• **RECORDS FOR PROCESSING**
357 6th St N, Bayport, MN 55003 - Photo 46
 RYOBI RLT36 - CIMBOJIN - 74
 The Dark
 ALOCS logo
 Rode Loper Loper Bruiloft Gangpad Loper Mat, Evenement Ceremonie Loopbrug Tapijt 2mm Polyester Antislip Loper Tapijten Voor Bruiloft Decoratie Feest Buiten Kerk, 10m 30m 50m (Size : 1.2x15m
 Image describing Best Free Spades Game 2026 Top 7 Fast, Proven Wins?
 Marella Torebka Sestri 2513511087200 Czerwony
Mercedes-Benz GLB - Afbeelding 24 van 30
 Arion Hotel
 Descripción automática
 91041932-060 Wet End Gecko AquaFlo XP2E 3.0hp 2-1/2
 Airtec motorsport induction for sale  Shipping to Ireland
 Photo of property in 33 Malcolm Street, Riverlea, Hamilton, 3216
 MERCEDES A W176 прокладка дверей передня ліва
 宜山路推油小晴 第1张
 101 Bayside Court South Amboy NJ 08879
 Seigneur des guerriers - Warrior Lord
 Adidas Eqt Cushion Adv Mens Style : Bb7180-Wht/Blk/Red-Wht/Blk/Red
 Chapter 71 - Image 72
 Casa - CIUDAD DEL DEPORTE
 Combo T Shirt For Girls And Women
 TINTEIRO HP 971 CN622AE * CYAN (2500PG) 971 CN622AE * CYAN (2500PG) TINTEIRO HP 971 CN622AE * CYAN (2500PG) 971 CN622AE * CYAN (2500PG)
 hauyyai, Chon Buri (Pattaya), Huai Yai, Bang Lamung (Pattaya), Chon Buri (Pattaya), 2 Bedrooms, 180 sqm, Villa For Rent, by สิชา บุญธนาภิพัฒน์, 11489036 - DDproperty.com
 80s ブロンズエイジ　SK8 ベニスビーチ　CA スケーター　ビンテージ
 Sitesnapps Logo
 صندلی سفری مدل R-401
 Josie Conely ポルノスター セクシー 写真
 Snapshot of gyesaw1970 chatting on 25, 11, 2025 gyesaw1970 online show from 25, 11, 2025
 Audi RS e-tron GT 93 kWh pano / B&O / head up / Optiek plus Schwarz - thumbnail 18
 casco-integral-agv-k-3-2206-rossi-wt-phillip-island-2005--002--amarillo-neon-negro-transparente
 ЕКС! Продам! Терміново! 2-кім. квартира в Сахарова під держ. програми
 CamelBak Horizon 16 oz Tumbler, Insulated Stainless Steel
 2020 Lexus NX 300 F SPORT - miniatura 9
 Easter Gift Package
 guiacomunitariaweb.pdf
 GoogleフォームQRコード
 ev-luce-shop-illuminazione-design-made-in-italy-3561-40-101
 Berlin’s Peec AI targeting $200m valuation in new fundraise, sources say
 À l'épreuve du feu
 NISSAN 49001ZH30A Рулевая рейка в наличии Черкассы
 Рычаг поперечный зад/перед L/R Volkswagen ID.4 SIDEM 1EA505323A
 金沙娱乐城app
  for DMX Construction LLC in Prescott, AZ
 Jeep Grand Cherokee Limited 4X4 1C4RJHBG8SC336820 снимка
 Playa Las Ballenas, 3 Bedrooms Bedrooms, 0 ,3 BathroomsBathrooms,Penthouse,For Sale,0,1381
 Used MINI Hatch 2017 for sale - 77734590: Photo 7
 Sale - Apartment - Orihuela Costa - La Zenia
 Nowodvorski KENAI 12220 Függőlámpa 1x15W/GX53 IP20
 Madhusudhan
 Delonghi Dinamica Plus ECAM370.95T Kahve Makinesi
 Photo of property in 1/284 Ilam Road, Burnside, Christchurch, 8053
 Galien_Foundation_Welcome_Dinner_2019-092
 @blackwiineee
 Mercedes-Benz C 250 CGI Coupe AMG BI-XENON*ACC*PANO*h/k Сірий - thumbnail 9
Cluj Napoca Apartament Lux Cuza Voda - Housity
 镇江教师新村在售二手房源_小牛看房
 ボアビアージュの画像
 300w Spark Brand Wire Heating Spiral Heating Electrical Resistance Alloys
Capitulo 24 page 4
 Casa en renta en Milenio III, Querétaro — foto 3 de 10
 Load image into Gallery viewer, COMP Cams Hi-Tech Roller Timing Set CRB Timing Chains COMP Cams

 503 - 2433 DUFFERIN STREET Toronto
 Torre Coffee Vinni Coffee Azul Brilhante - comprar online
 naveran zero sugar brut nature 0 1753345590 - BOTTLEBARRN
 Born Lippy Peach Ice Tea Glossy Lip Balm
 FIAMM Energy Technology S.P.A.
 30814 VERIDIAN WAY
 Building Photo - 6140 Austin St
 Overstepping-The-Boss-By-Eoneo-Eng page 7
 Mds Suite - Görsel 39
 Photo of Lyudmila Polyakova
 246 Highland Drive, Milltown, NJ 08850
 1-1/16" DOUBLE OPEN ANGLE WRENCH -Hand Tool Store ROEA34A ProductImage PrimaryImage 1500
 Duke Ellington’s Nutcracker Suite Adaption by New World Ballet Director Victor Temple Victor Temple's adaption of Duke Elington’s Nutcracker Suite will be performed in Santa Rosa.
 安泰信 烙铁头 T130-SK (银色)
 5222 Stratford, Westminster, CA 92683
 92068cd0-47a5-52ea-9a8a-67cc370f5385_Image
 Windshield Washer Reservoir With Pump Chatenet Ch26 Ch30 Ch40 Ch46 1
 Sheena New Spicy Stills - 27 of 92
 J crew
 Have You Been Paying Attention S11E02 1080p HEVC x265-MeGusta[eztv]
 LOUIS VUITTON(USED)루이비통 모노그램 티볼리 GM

• **ASSIGNMENT**
Each record should be given again exactly as it reads.

• **WORKED SOLUTION**
357 6th St N, Bayport, MN 55003 - Photo 46
 RYOBI RLT36 - CIMBOJIN - 74
 The Dark
 ALOCS logo
 Rode Loper Loper Bruiloft Gangpad Loper Mat, Evenement Ceremonie Loopbrug Tapijt 2mm Polyester Antislip Loper Tapijten Voor Bruiloft Decoratie Feest Buiten Kerk, 10m 30m 50m (Size : 1.2x15m
 Image describing Best Free Spades Game 2026 Top 7 Fast, Proven Wins?
 Marella Torebka Sestri 2513511087200 Czerwony
Mercedes-Benz GLB - Afbeelding 24 van 30
 Arion Hotel
 Descripción automática
 91041932-060 Wet End Gecko AquaFlo XP2E 3.0hp 2-1/2
 Airtec motorsport induction for sale  Shipping to Ireland
 Photo of property in 33 Malcolm Street, Riverlea, Hamilton, 3216
 MERCEDES A W176 прокладка дверей передня ліва
 宜山路推油小晴 第1张
 101 Bayside Court South Amboy NJ 08879
 Seigneur des guerriers - Warrior Lord
 Adidas Eqt Cushion Adv Mens Style : Bb7180-Wht/Blk/Red-Wht/Blk/Red
 Chapter 71 - Image 72
 Casa - CIUDAD DEL DEPORTE
 Combo T Shirt For Girls And Women
 TINTEIRO HP 971 CN622AE * CYAN (2500PG) 971 CN622AE * CYAN (2500PG) TINTEIRO HP 971 CN622AE * CYAN (2500PG) 971 CN622AE * CYAN (2500PG)
 hauyyai, Chon Buri (Pattaya), Huai Yai, Bang Lamung (Pattaya), Chon Buri (Pattaya), 2 Bedrooms, 180 sqm, Villa For Rent, by สิชา บุญธนาภิพัฒน์, 11489036 - DDproperty.com
 80s ブロンズエイジ　SK8 ベニスビーチ　CA スケーター　ビンテージ
 Sitesnapps Logo
 صندلی سفری مدل R-401
 Josie Conely ポルノスター セクシー 写真
 Snapshot of gyesaw1970 chatting on 25, 11, 2025 gyesaw1970 online show from 25, 11, 2025
 Audi RS e-tron GT 93 kWh pano / B&O / head up / Optiek plus Schwarz - thumbnail 18
 casco-integral-agv-k-3-2206-rossi-wt-phillip-island-2005--002--amarillo-neon-negro-transparente
 ЕКС! Продам! Терміново! 2-кім. квартира в Сахарова під держ. програми
 CamelBak Horizon 16 oz Tumbler, Insulated Stainless Steel
 2020 Lexus NX 300 F SPORT - miniatura 9
 Easter Gift Package
 guiacomunitariaweb.pdf
 GoogleフォームQRコード
 ev-luce-shop-illuminazione-design-made-in-italy-3561-40-101
 Berlin’s Peec AI targeting $200m valuation in new fundraise, sources say
 À l'épreuve du feu
 NISSAN 49001ZH30A Рулевая рейка в наличии Черкассы
 Рычаг поперечный зад/перед L/R Volkswagen ID.4 SIDEM 1EA505323A
 金沙娱乐城app
  for DMX Construction LLC in Prescott, AZ
 Jeep Grand Cherokee Limited 4X4 1C4RJHBG8SC336820 снимка
 Playa Las Ballenas, 3 Bedrooms Bedrooms, 0 ,3 BathroomsBathrooms,Penthouse,For Sale,0,1381
 Used MINI Hatch 2017 for sale - 77734590: Photo 7
 Sale - Apartment - Orihuela Costa - La Zenia
 Nowodvorski KENAI 12220 Függőlámpa 1x15W/GX53 IP20
 Madhusudhan
 Delonghi Dinamica Plus ECAM370.95T Kahve Makinesi
 Photo of property in 1/284 Ilam Road, Burnside, Christchurch, 8053
 Galien_Foundation_Welcome_Dinner_2019-092
 @blackwiineee
 Mercedes-Benz C 250 CGI Coupe AMG BI-XENON*ACC*PANO*h/k Сірий - thumbnail 9
Cluj Napoca Apartament Lux Cuza Voda - Housity
 镇江教师新村在售二手房源_小牛看房
 ボアビアージュの画像
 300w Spark Brand Wire Heating Spiral Heating Electrical Resistance Alloys
Capitulo 24 page 4
 Casa en renta en Milenio III, Querétaro — foto 3 de 10
 Load image into Gallery viewer, COMP Cams Hi-Tech Roller Timing Set CRB Timing Chains COMP Cams

 503 - 2433 DUFFERIN STREET Toronto
 Torre Coffee Vinni Coffee Azul Brilhante - comprar online
 naveran zero sugar brut nature 0 1753345590 - BOTTLEBARRN
 Born Lippy Peach Ice Tea Glossy Lip Balm
 FIAMM Energy Technology S.P.A.
 30814 VERIDIAN WAY
 Building Photo - 6140 Austin St
 Overstepping-The-Boss-By-Eoneo-Eng page 7
 Mds Suite - Görsel 39
 Photo of Lyudmila Polyakova
 246 Highland Drive, Milltown, NJ 08850
 1-1/16" DOUBLE OPEN ANGLE WRENCH -Hand Tool Store ROEA34A ProductImage PrimaryImage 1500
 Duke Ellington’s Nutcracker Suite Adaption by New World Ballet Director Victor Temple Victor Temple's adaption of Duke Elington’s Nutcracker Suite will be performed in Santa Rosa.
 安泰信 烙铁头 T130-SK (银色)
 5222 Stratford, Westminster, CA 92683
 92068cd0-47a5-52ea-9a8a-67cc370f5385_Image
 Windshield Washer Reservoir With Pump Chatenet Ch26 Ch30 Ch40 Ch46 1
 Sheena New Spicy Stills - 27 of 92
 J crew
 Have You Been Paying Attention S11E02 1080p HEVC x265-MeGusta[eztv]
 LOUIS VUITTON(USED)루이비통 모노그램 티볼리 GM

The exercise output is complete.